É preciso dizer que o “socialismo com características nacionais” parece excluir o internacionalismo tão central para o socialismo no século XX.
Na verdade, que tipo de socialismo deixa de sacrificar pouco para ajudar um país socialista em dificuldades, sufocado por um bloqueio capitalista?
Numa nota pessoal, lembro-me bem de passar, de regresso, pelo Checkpoint Charlie – o famoso portal entre o socialismo alemão e o capitalismo alemão. Turistas e outras pessoas do Ocidente, que iam visitar Berlim Oriental, tinham que voltar pelo checkpoint. Eles aprenderam no seu regresso que não podiam nem trocar nem manter a moeda da RDA que sobrava da sua visita à República Democrática Alemã. Os guardas ofereceram gentilmente uma opção aos que regressavam, muitas vezes infelizes.
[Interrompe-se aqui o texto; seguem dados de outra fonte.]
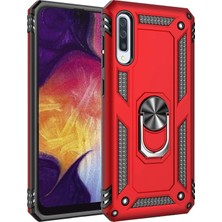 Hesaplı Dünya Samsung Galaxy A70 Kılıf A705 Selfie Yüzüklü Iki Katmanlı Koruyucu VGA Kırmızı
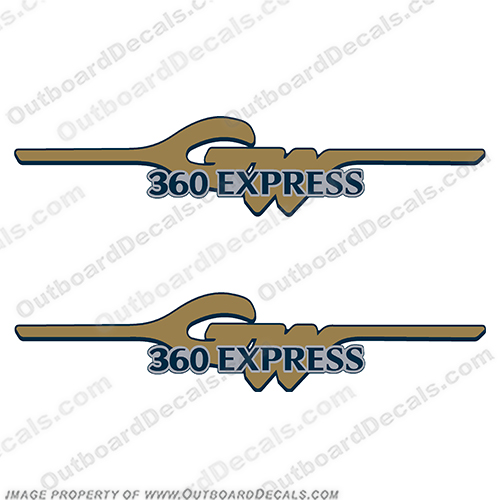 Grady White 360 Express Logo Decals  grady, white, 360, express, boat, cabin ,decal, sticker, kit, set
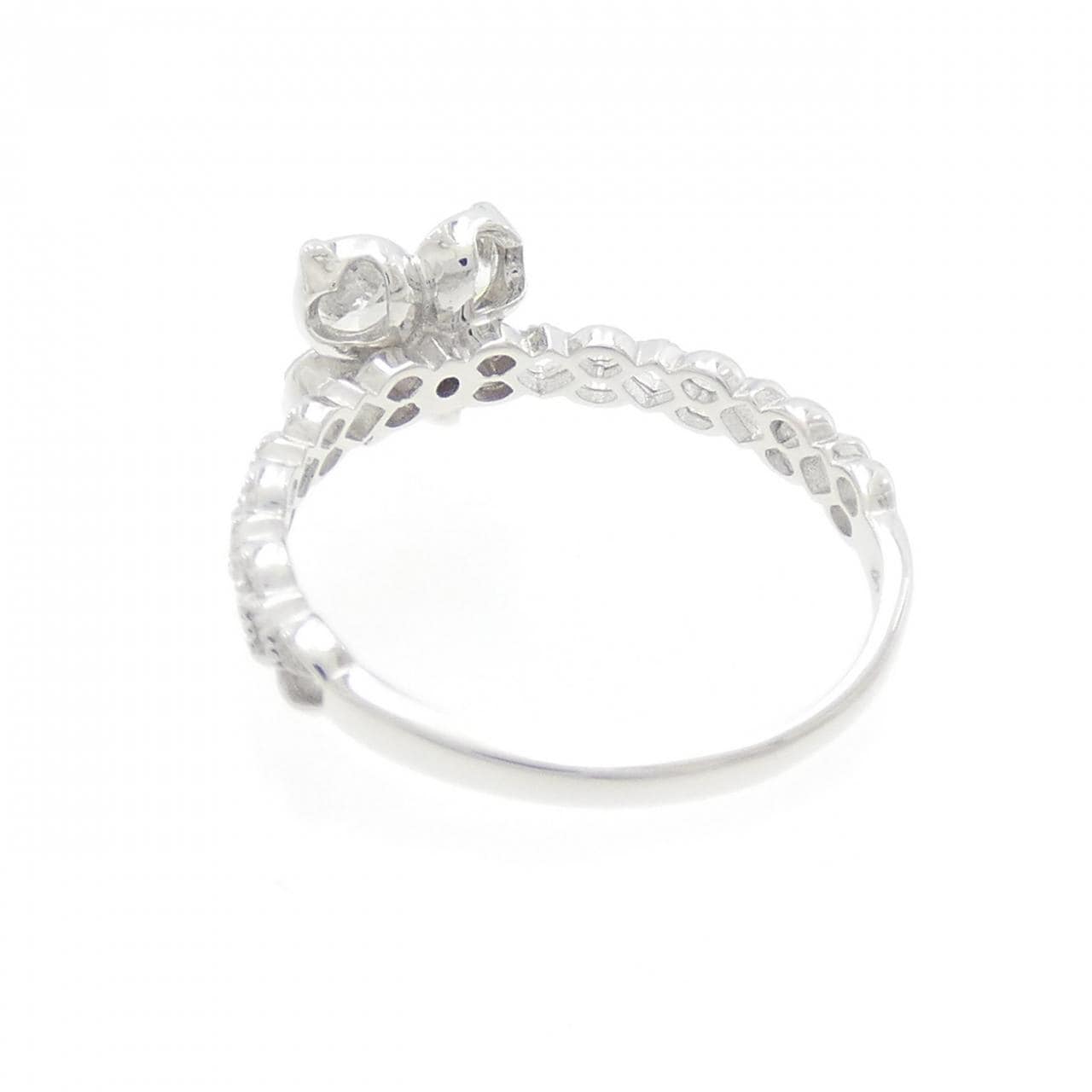 K18WG フラワー ダイヤモンド リング 0.50CT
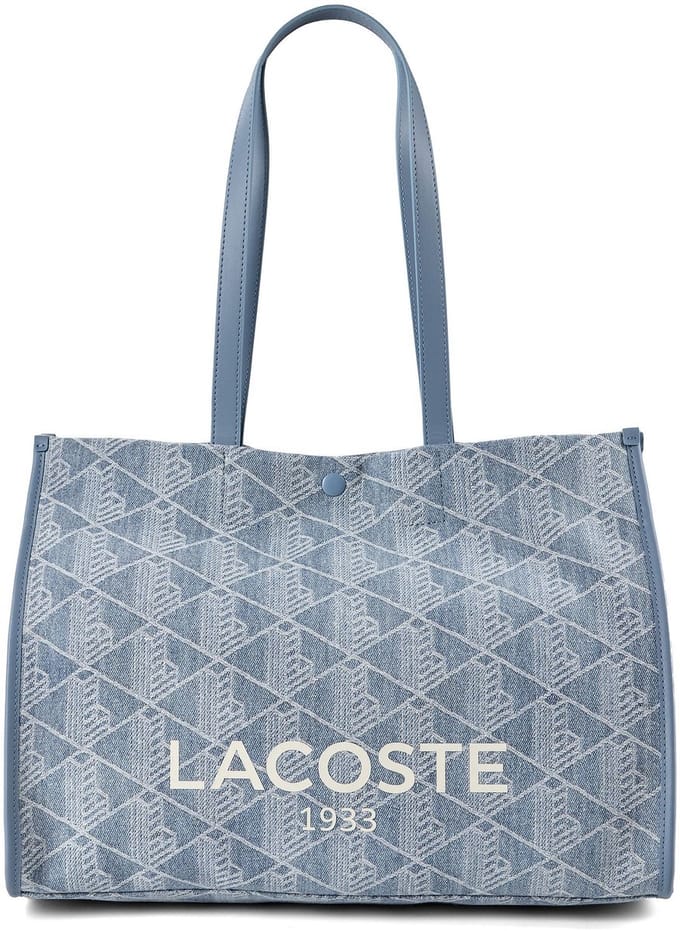 LACOSTE schoudertas Heritage Jacquard Shopping Bag Tradewinds Lichtblauw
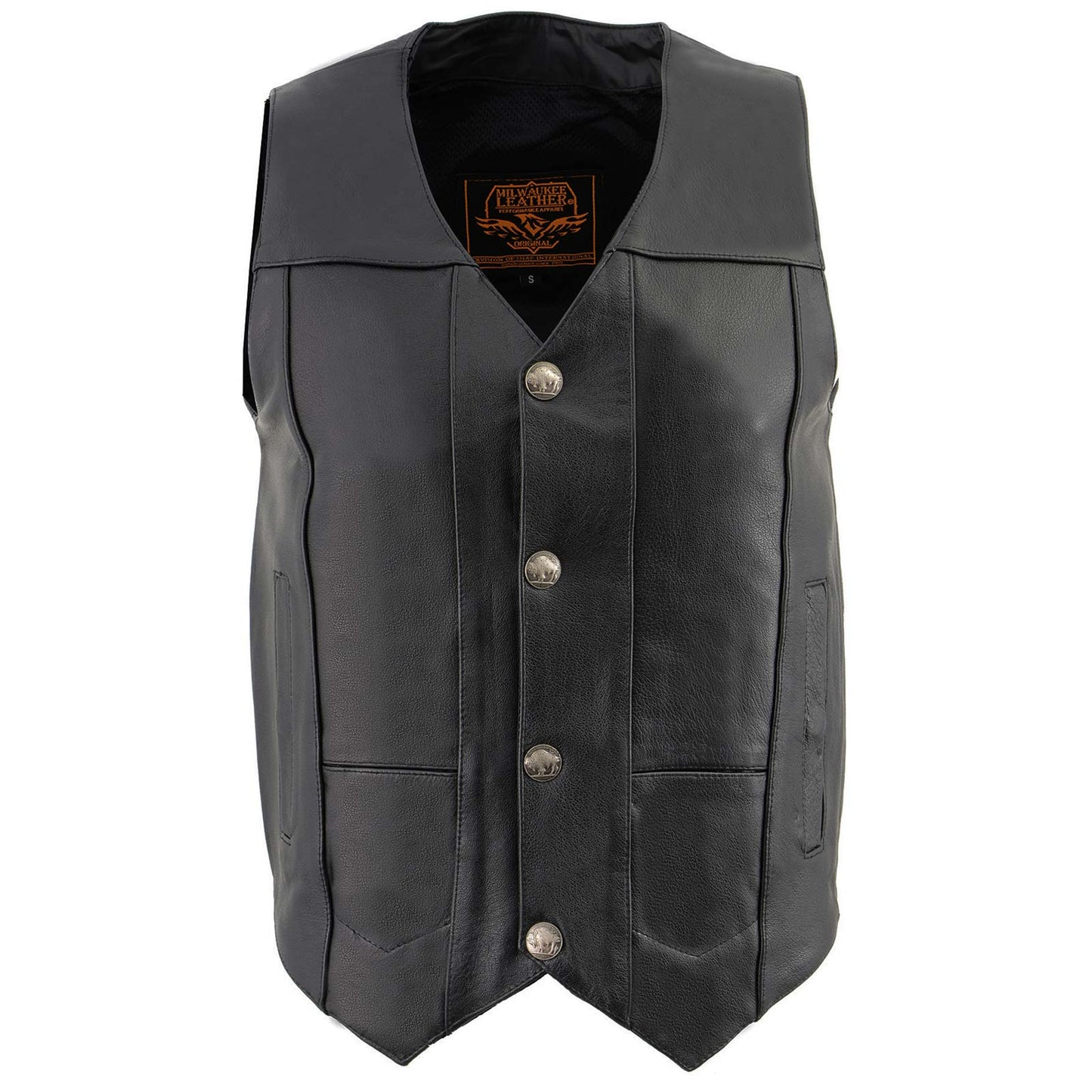 Milwaukee Leather LKM3700 Men's Classic Black Leather Motorcycle Rider Vest w/ Buffalo Nickel Snaps Closure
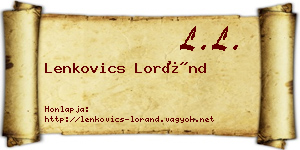 Lenkovics Loránd névjegykártya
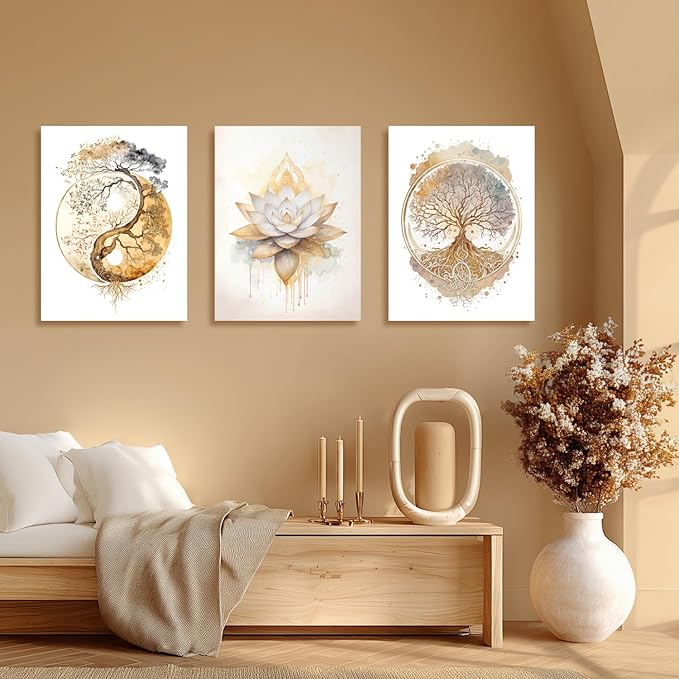 GELDSTEI Tree of Life Wall Art, Calming Zen Wall Decor, Abstract Yin Yang Tree Canvas Painting, Modern Gold Lotus Flower Meditation Poster Print for Living Room Yoga Room Bedroom Framed 16"x24"x3
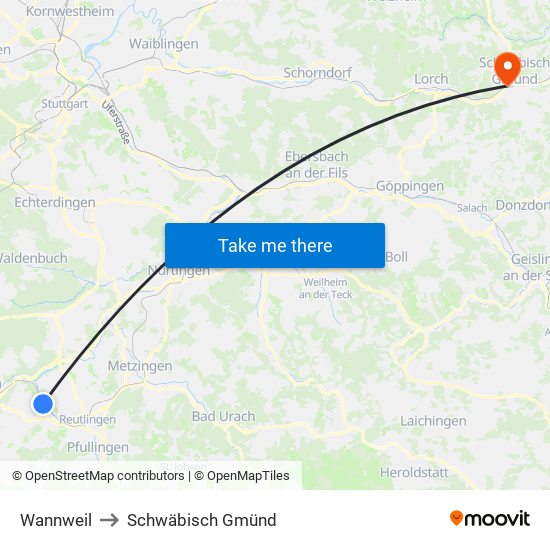 Wannweil to Schwäbisch Gmünd map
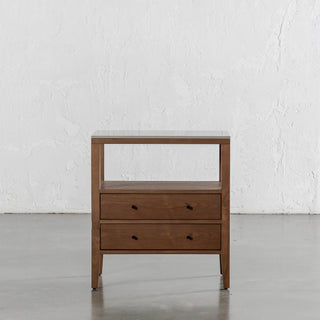 PERNEL JARDIN NIGHT STAND  |  DEEP WALNUT  |  VALENTINA GRIGIO CERAMICA TOP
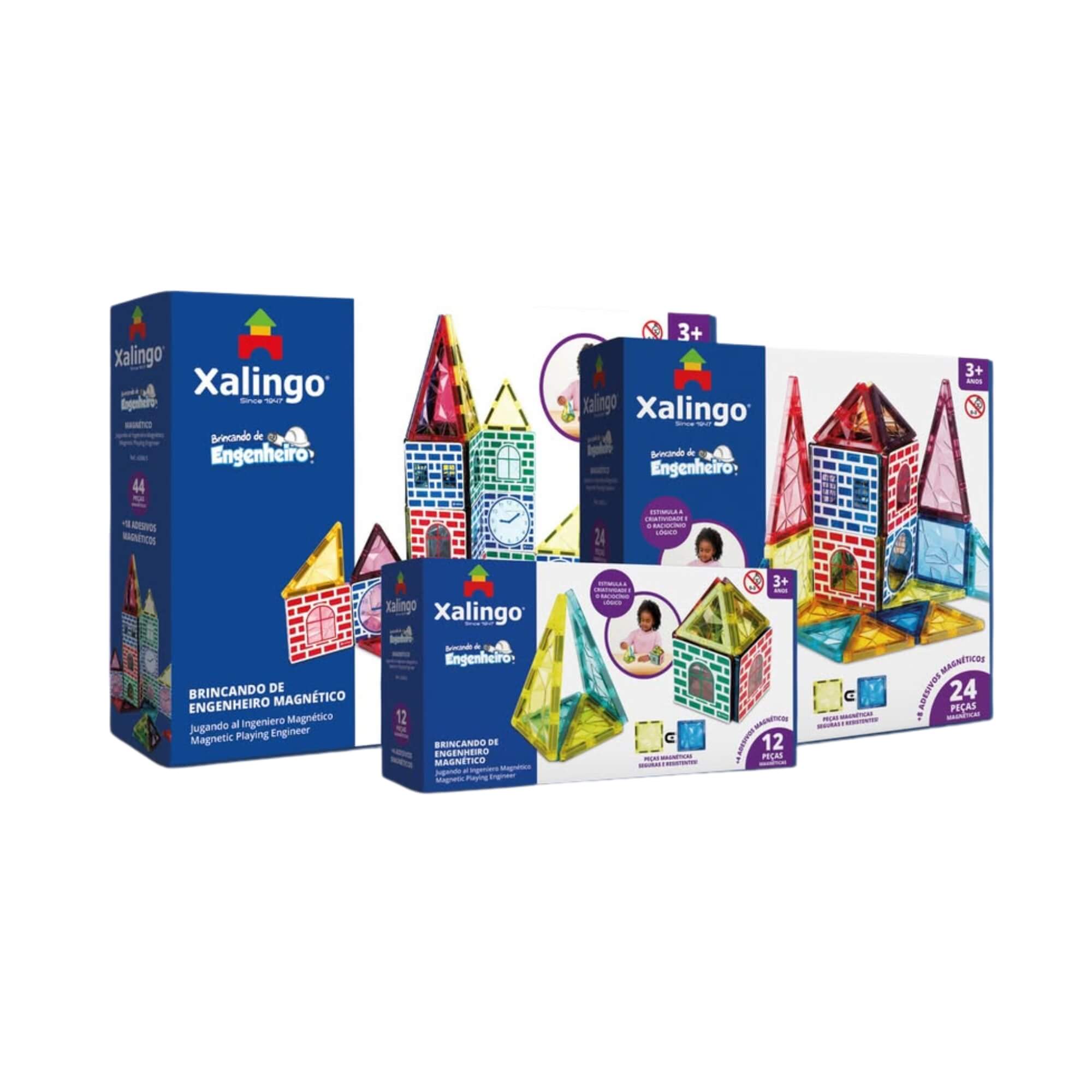 VAR Brinquedo Infantil Brincando de Engenheiro Magnético Xalingo (Escolha o modelo)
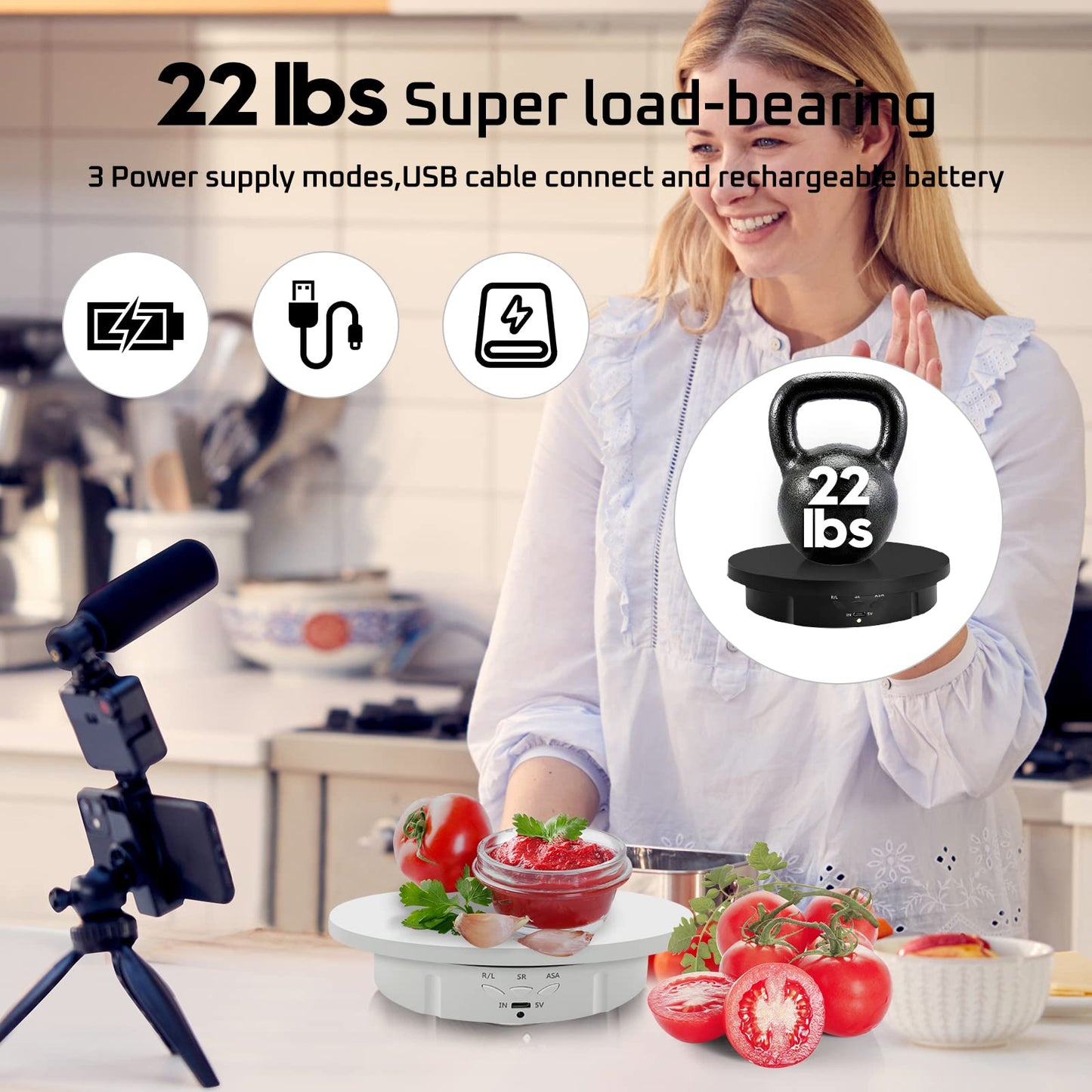 3 in1 Motorized Rotating Display Stand 5.74 /7.08/ 8.66 inch with Replacement 360 Electronic Turntable for Photography Products (3 in1 / Black/ With Remote controller)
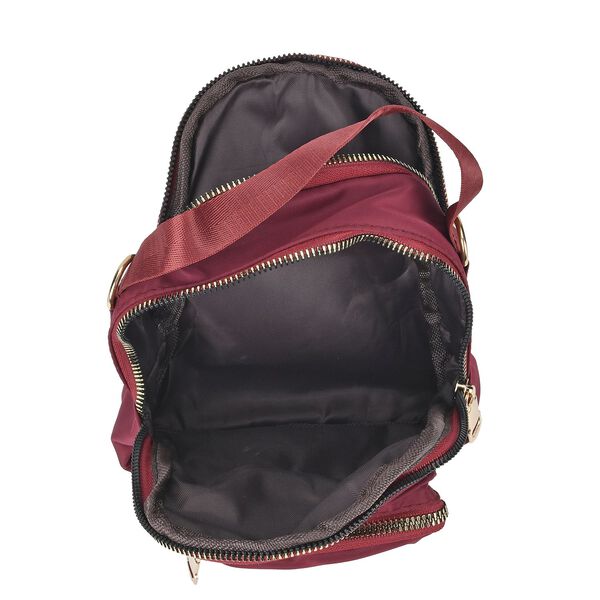 Kompakte Umh&auml;ngetasche mit RFID-Schutz, 4 Au&szlig;enf&auml;chern, verstellbarem Gurt, 16x5x19 cm, Burgunderrot image number 8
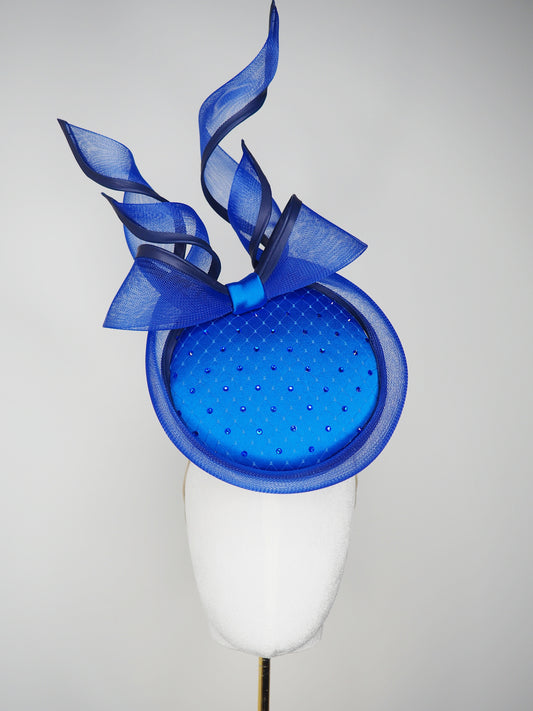 Sapphire Serenade - Blue wired bow percher with sapphire crystal detail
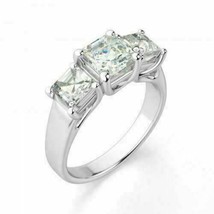2.80Ct Asscher Cut Three Simulated Diamond Engagement Ring 14K White Gold Size 7 - £216.36 GBP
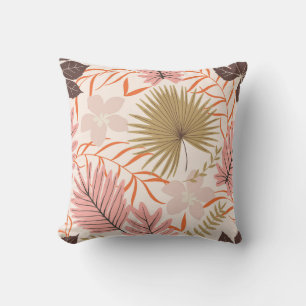 Hand Drawn Leaves: Exotic Jungle Pattern. Cushion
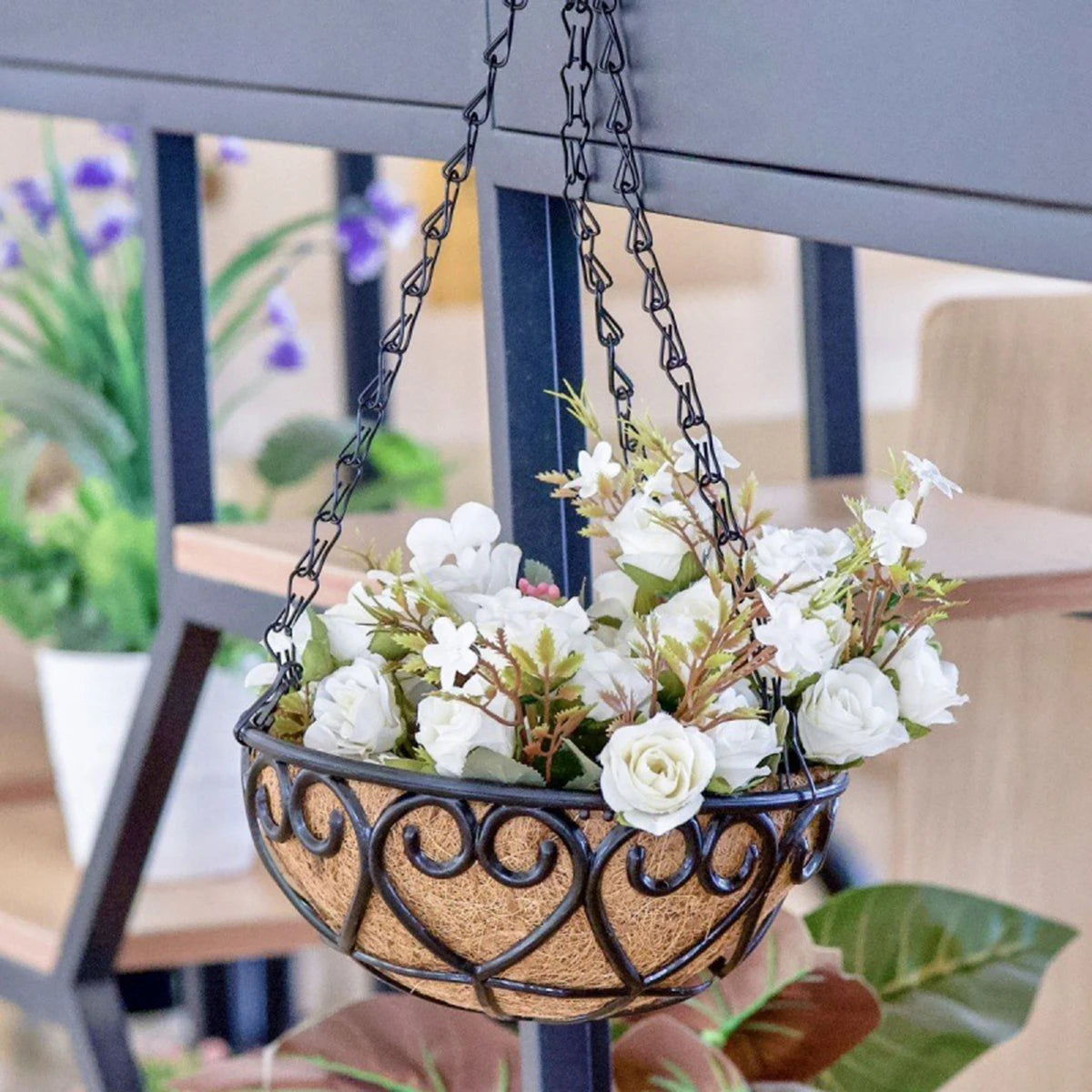 Coconut Brown Round Iron Chain Hanging Basket Flowerpot European Creative Fleshy Green Plant Chlorophytum Comosum Flowerpot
Apontavam para um grande navio cheio de dinheiro com uma placa em vários idiomas: "Ajude a reconstruir o Vietname".
Senti orgulho em saber que era uma pequena parte de um movimento global determinado a ajudar a reconstruir o que o imperialismo havia destruído.
Vejo esse compromisso com o internacionalismo novamente honrado na recusa dos trabalhadores em carregar munições com destino a Israel no porto de Pireu, na Grécia.
Só posso esperar que o socialismo do século XXI restaure o internacionalismo que foi uma marca registada do socialismo do século XX.